Work required: From the entries that follow, list every line in which the string "Chapter" appears.

Supplied material:
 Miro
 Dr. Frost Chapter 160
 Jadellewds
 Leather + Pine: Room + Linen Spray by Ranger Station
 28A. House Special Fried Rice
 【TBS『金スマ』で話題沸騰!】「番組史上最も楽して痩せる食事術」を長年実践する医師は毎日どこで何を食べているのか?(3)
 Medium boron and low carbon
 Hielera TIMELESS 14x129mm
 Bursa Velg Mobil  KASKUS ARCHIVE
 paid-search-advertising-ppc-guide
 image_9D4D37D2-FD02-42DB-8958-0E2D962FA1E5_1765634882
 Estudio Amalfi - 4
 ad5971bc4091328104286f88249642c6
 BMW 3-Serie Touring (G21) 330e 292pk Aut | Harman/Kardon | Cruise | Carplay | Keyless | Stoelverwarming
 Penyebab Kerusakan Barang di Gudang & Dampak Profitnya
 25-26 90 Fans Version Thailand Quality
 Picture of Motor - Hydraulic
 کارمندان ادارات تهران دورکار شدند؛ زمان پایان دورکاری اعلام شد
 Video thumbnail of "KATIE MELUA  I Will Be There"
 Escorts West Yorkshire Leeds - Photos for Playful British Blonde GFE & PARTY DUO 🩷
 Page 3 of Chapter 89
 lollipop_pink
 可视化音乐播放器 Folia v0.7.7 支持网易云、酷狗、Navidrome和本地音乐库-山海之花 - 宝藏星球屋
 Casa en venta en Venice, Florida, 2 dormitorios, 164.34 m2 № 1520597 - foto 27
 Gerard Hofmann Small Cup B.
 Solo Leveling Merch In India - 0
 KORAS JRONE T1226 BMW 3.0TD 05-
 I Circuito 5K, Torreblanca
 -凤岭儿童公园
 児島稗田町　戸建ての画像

Solution for this exercise:
 Dr. Frost Chapter 160
 Page 3 of Chapter 89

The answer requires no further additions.